-- RECORDED DATA follows --

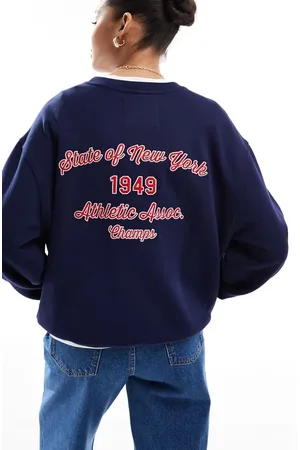 GANT Marineblå sweatshirt med logo og print på ryggen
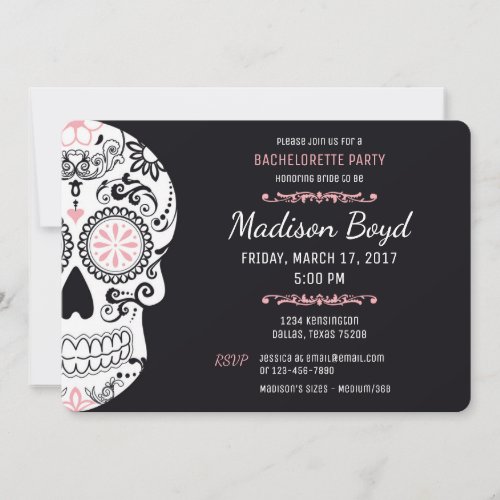 Sugar Skull Bachelorette Party Pink  Black Invite
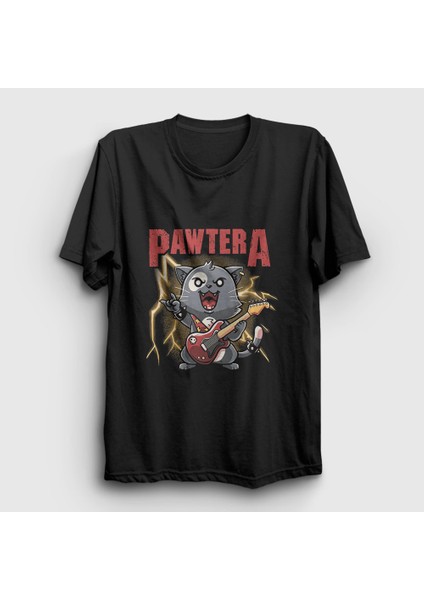 Unisex Siyah Pawtera Pantera Kedi Kedili T-Shirt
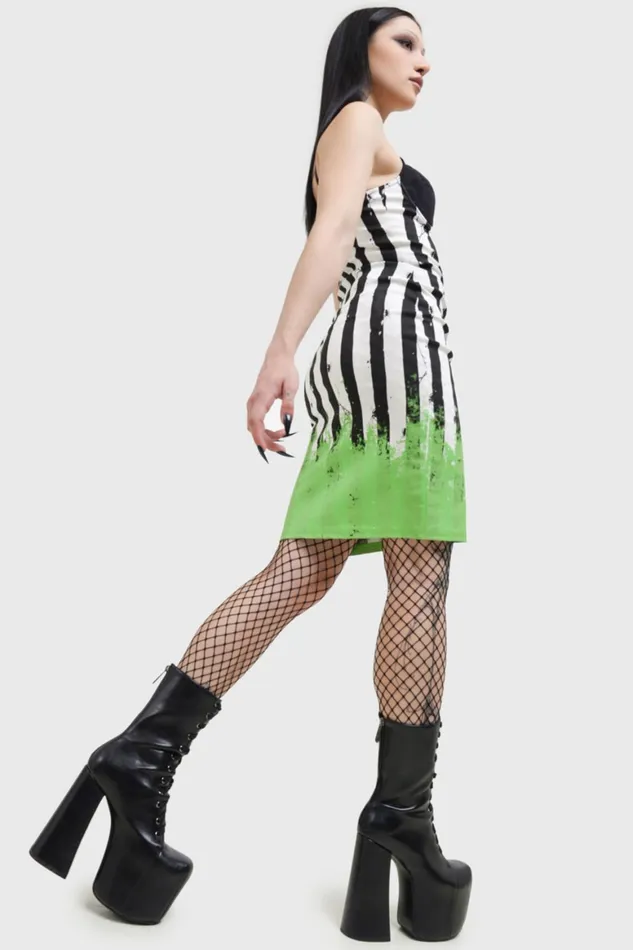 Killstar Distressed Stripe Bodycon Dress Women Mini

-- RECORDED DATA concluded --

THE PROBLEM: The whole listing above, line by line, needs to be copied exactly, except for any images.

SOLUTION FOR THIS TASK:
 GANT Marineblå sweatshirt med logo og print på ryggen
 Sugar Skull Bachelorette Party Pink  Black Invite
 Unisex Siyah Pawtera Pantera Kedi Kedili T-Shirt
 Killstar Distressed Stripe Bodycon Dress Women Mini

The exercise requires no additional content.